Monetary-nonmonetary method.
Temporal method.
Current rate method.
10.    If a foreign entity's functional currency is the US dollar and the parent's currency is also the US dollar,   
Translation adjustment is mandatory
No translation adjustment is required
Translation adjustment is recommended
None of the above
11.    The objective(s) of translation include   
Preserving the operating results and relationships measured in the foreign currency
Providing information in consolidated financial statements about the financial performance of each foreign consolidated entity
Providing information on the anticipated effects of changes in exchange rates on cash flow and equity
All of the above
12.    When the foreign currency is the functional currency, capital accounts are translated using the   
Current exchange rate at the balance sheet date
Historical exchange rate in effect when the entity's stock was issued
Average exchange rate for period being reported
Weighted average exchange rate for the period being reported
13.    When the foreign currency is the functional currency, assets and liabilities are translated at the _______________________ of the foreign entity   
Current exchange rate at the balance sheet date
Weighted average exchange rate for reporting period
Historical exchange rate
Average exchange rate for the reporting period
14.    In the statement of cash flows, cash flows are translated based on the   
Exchange rate in existence at the time of the cash flows
Historical exchange rate in effect at the beginning of the period
Exchange rate in effect at year-end
None of the above
15.    Usually in the absence of high inflation, income statement items are translated at the   
Exchange rate in effect at the balance sheet date
Historical exchange rate
Exchange rate at the dates those items are recognized
None of the above
16.    If a company's functional currency is a foreign currency, adjustments occurring from translating the company's financial statements into the reporting currency are   
Unrealized
Realized
Presented as a liability on the balance sheet
Presented as a deferred asset on the balance sheet
17.    The translation method in which all assets and liabilities are translated at current exchange rates is known as the   
Current-noncurrent method.
Monetary-nonmonetary method.
Temporal method.
Current method.
18.    A highly inflationary environment is one with a cumulative inflation rate of   
100% or more over a three-year period
50% per year over a five-year period
25% per year over a four-year period
None of the above
19.    The functional currency of Nash, Inc.'s subsidiary is the euro. Nash borrowed euros as a partial hedge of its investment in the subsidiary. In preparing consolidated financial statements, Nash's translation loss on its investment in the subsidiary exceeded its transaction gain on the borrowing. How should the effects of the loss and gain be reported in Nash's consolidated financial statements?   

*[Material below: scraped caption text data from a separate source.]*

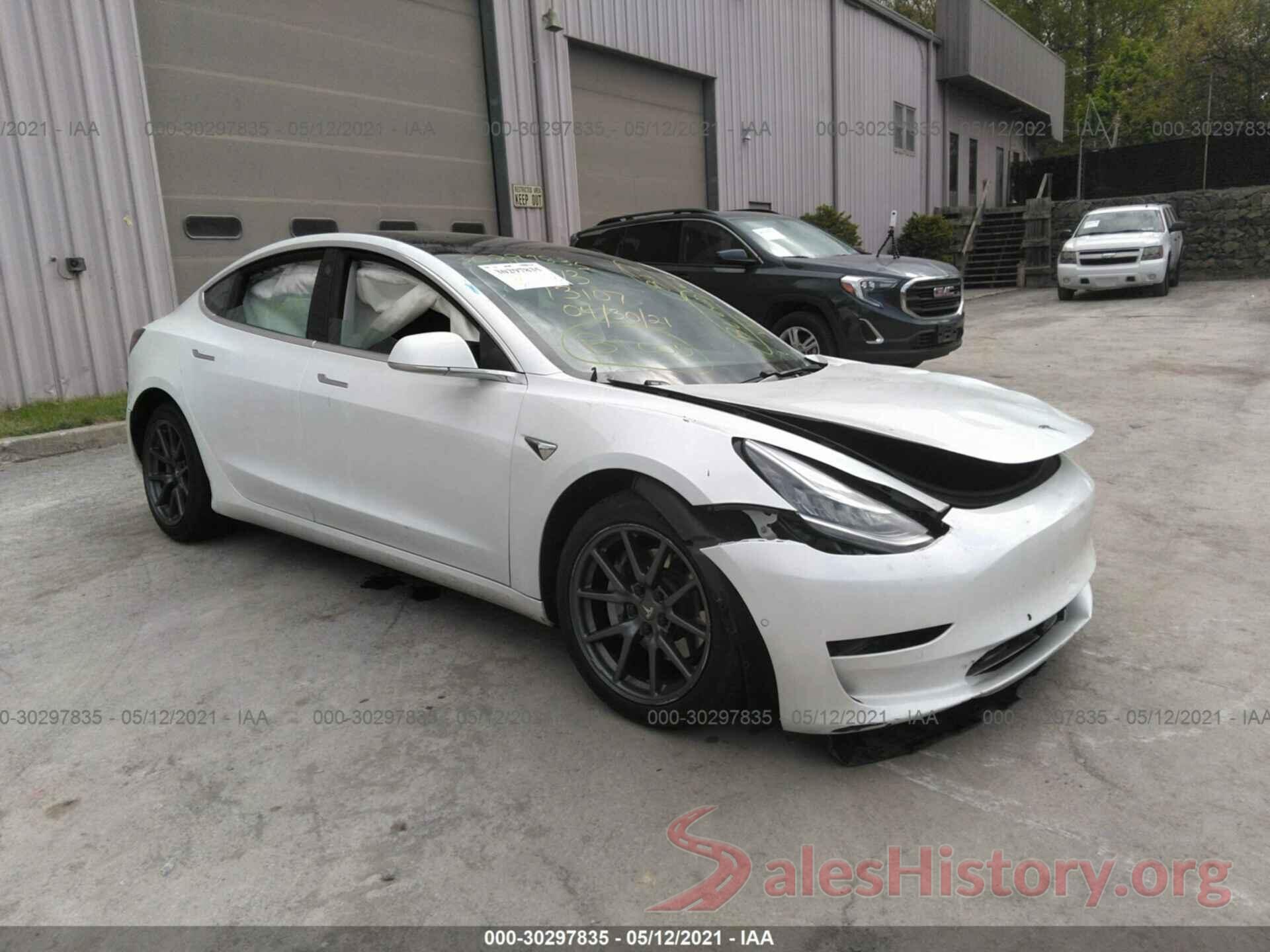 5YJ3E1EB7LF735224 2020 TESLA MODEL 3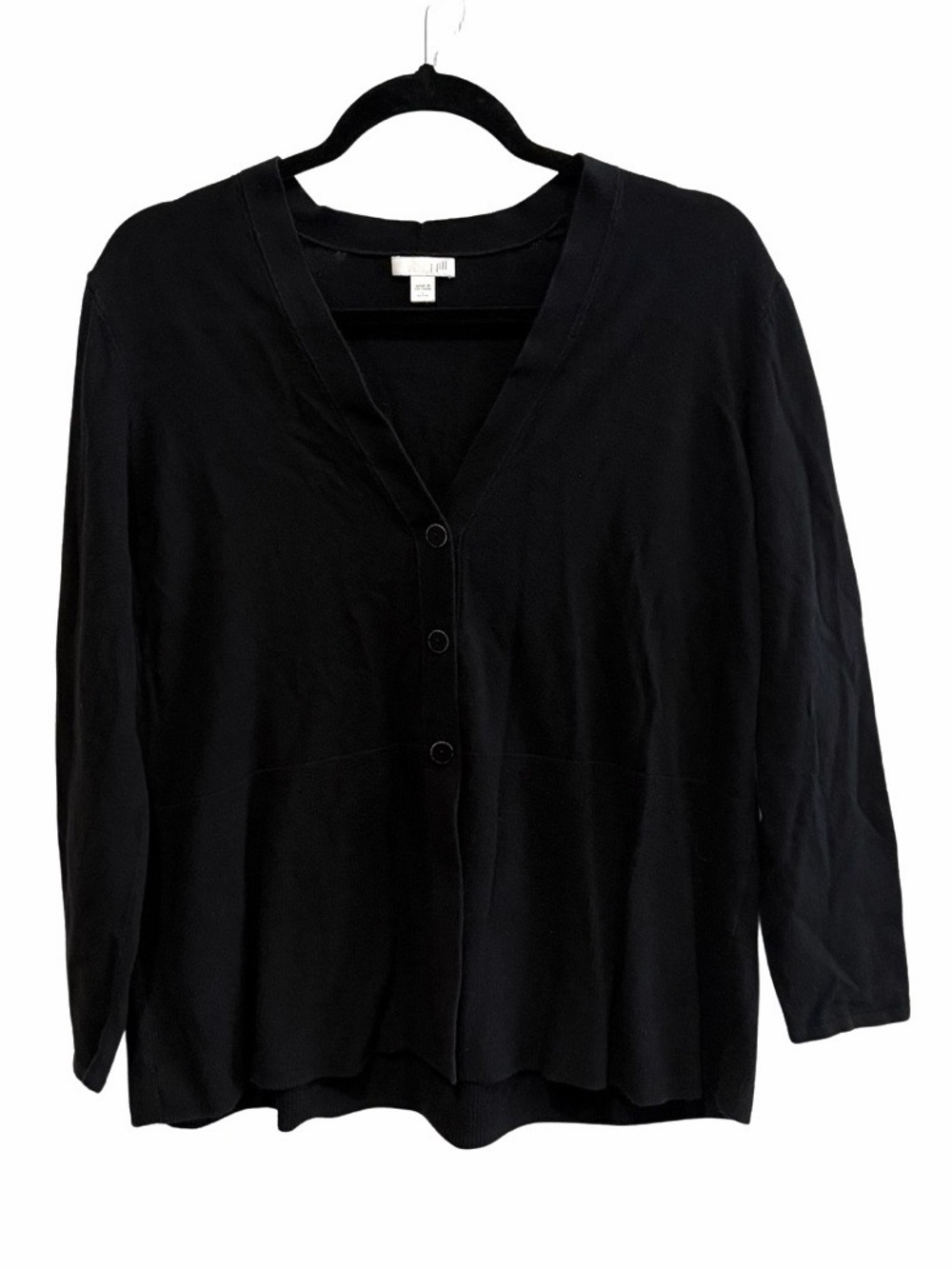 J. Jill Black Women's Sweater/Cardigan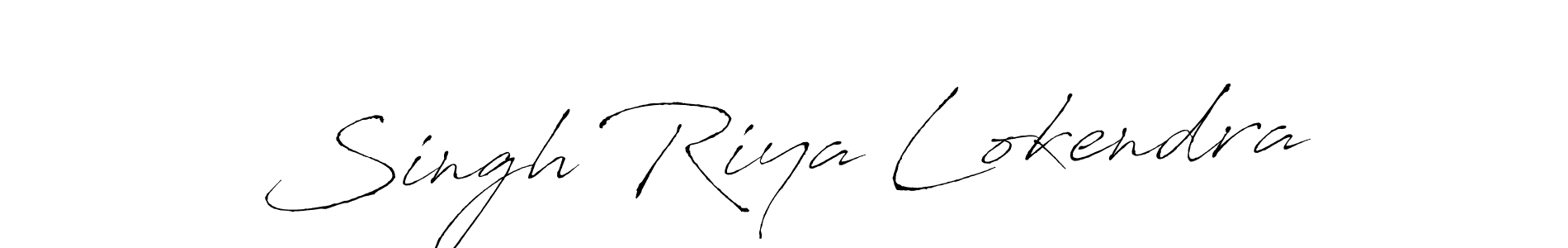 You can use this online signature creator to create a handwritten signature for the name Singh Riya Lokendra. This is the best online autograph maker. Singh Riya Lokendra signature style 6 images and pictures png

The translation loss minus the transaction gain is reported in other comprehensive income.
The translation loss minus the transaction gain is reported in income from continuing operations.
The translation loss is reported in other comprehensive income, and the transaction gain is reported in income from continuing operations.
The translation loss is reported in income from continuing operations, and the transaction gain is reported in other comprehensive income.
20.    A foreign entity may be excluded from consolidated or combined financial statements if   
Serious political problems exist in the foreign country
Exchange restrictions are extremely restrictive
All of the above
None of the above
21.    The following is NOT required to be footnoted.   
Profits earned from domestic earnings.
Foreign currency transaction gains or losses, including that associated with forward exchange contracts.
The impact on unsettled balances regarding foreign currency transactions.
Cumulative translation adjustments reported in stockholders' equity.